◆ MATERIAL TO PROCESS:
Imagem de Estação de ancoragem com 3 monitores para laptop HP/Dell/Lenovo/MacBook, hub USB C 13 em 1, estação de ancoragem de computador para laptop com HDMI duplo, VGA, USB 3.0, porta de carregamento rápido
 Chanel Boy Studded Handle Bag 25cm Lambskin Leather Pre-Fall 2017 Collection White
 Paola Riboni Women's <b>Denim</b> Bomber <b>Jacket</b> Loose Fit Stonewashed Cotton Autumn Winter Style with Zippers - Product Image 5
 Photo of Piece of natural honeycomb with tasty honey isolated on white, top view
--
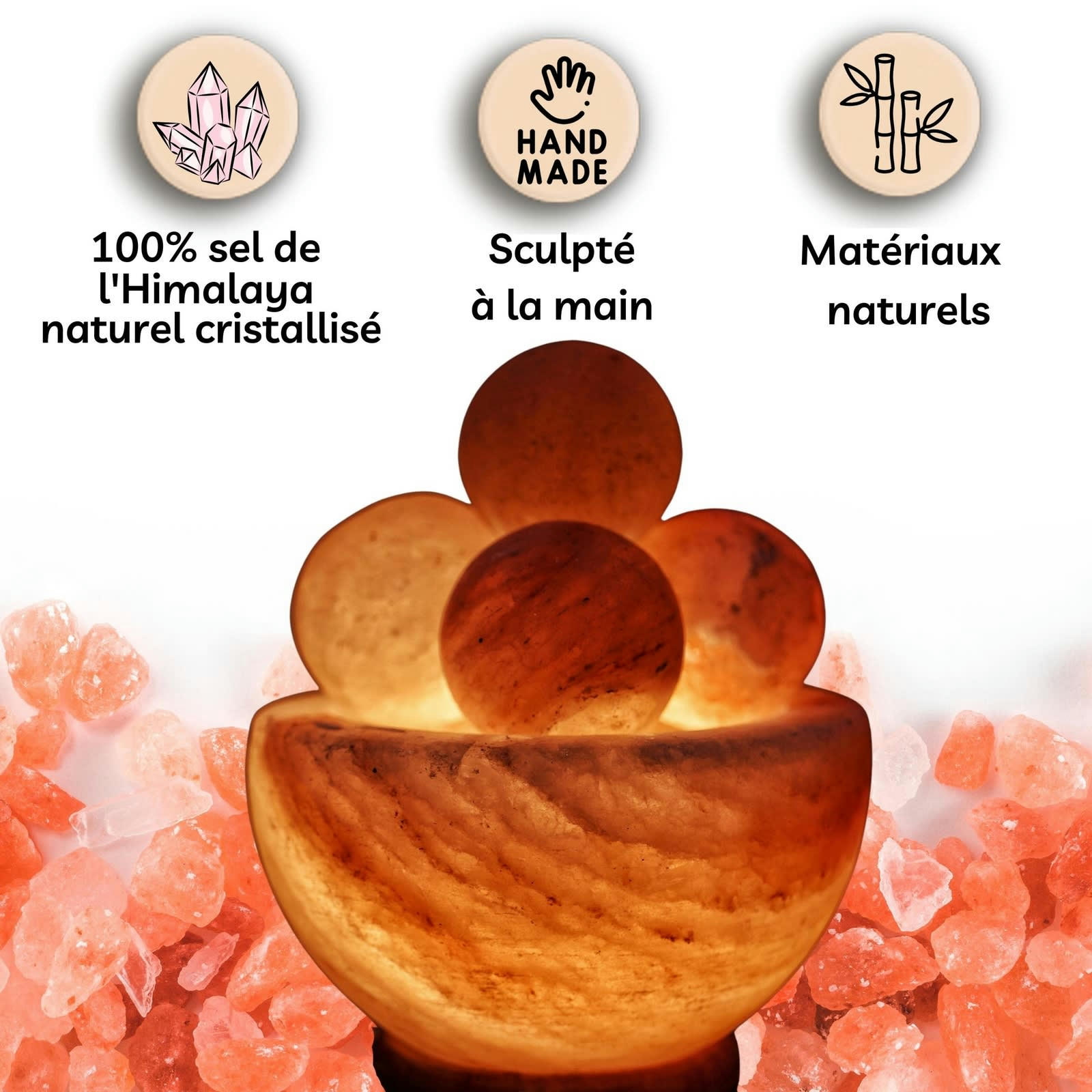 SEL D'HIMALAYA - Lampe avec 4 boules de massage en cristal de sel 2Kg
...
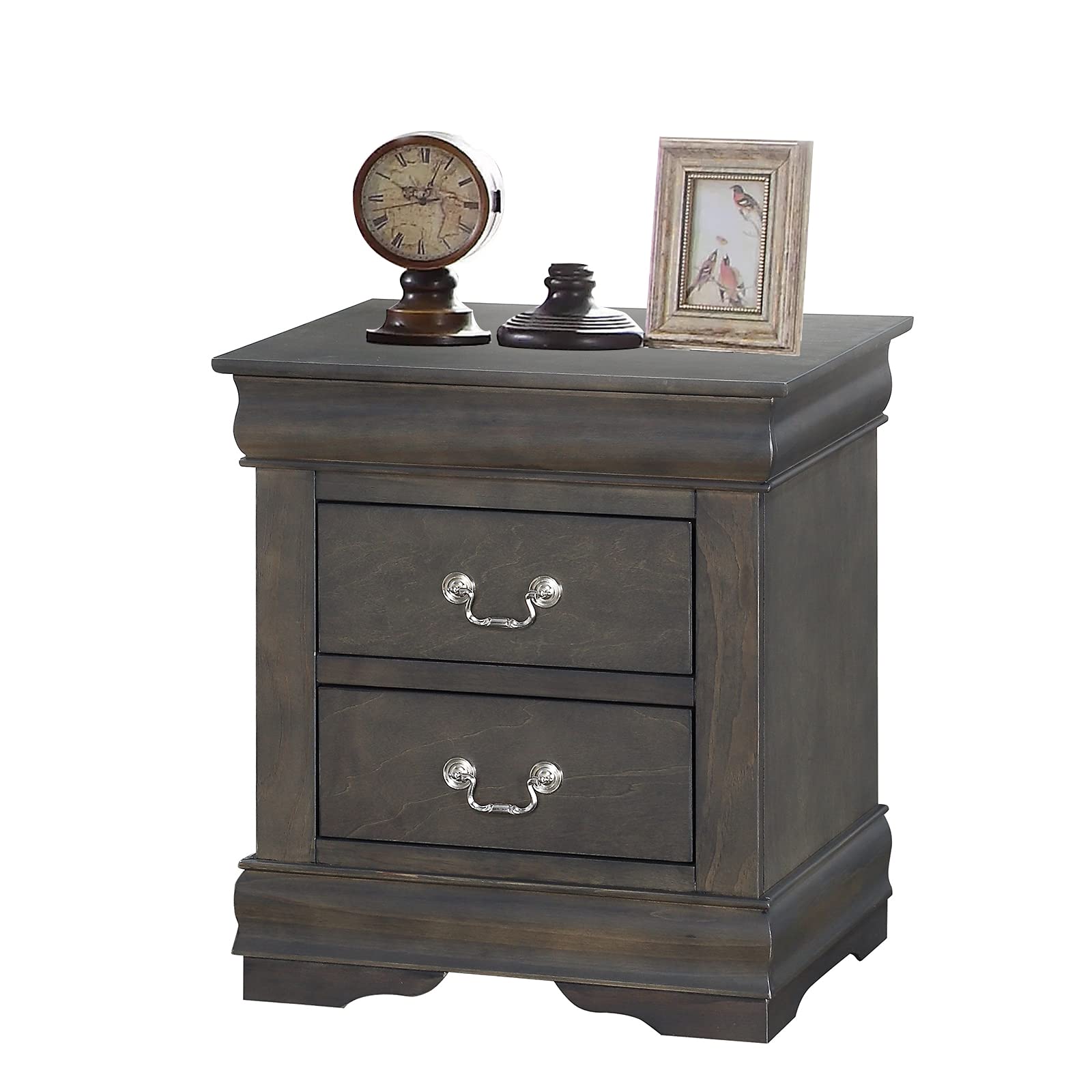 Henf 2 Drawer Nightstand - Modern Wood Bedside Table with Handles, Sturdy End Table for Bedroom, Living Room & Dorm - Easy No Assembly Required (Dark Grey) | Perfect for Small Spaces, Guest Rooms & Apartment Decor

◆ REQUIRED WORK: Look back at the data above. Transcribe exactly the lines starting at the line that contains "Paola Riboni Women's" and ending at the line that contains "Photo of Piece".

◆ EXERCISE ANSWER:
 Paola Riboni Women's <b>Denim</b> Bomber <b>Jacket</b> Loose Fit Stonewashed Cotton Autumn Winter Style with Zippers - Product Image 5
 Photo of Piece of natural honeycomb with tasty honey isolated on white, top view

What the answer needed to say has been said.